Go to the line below that has "Plaid Boden Shirt", print it and each line after it exactly, and stop after the line that has "Stylish Carbon 2"; leave out pictures.
--- Data shown Enclosed Below ---
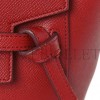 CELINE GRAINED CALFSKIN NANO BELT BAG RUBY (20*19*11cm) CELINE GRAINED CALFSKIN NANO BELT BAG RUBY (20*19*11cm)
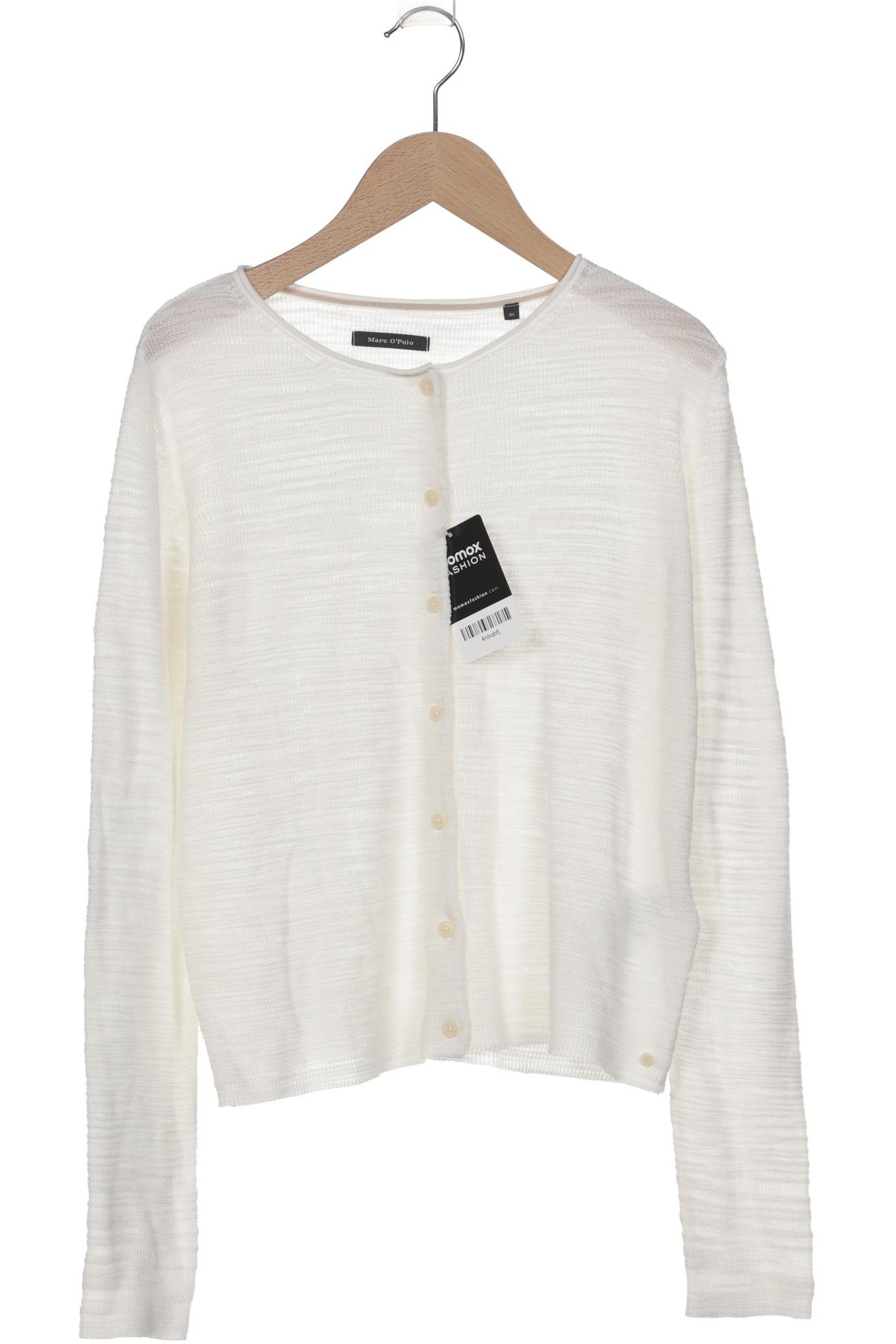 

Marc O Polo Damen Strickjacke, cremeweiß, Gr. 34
--- End of Enclosed Data shown ---
--- Data shown Enclosed Below ---
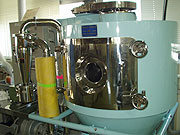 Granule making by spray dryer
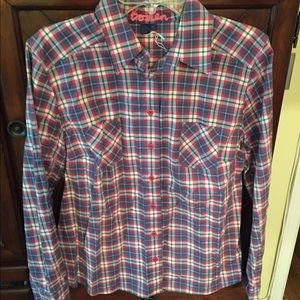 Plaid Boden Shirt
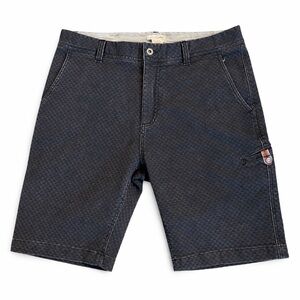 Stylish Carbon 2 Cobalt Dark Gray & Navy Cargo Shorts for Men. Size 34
--- End of Enclosed Data shown ---
**Result**
 Plaid Boden Shirt
 Stylish Carbon 2 Cobalt Dark Gray & Navy Cargo Shorts for Men. Size 34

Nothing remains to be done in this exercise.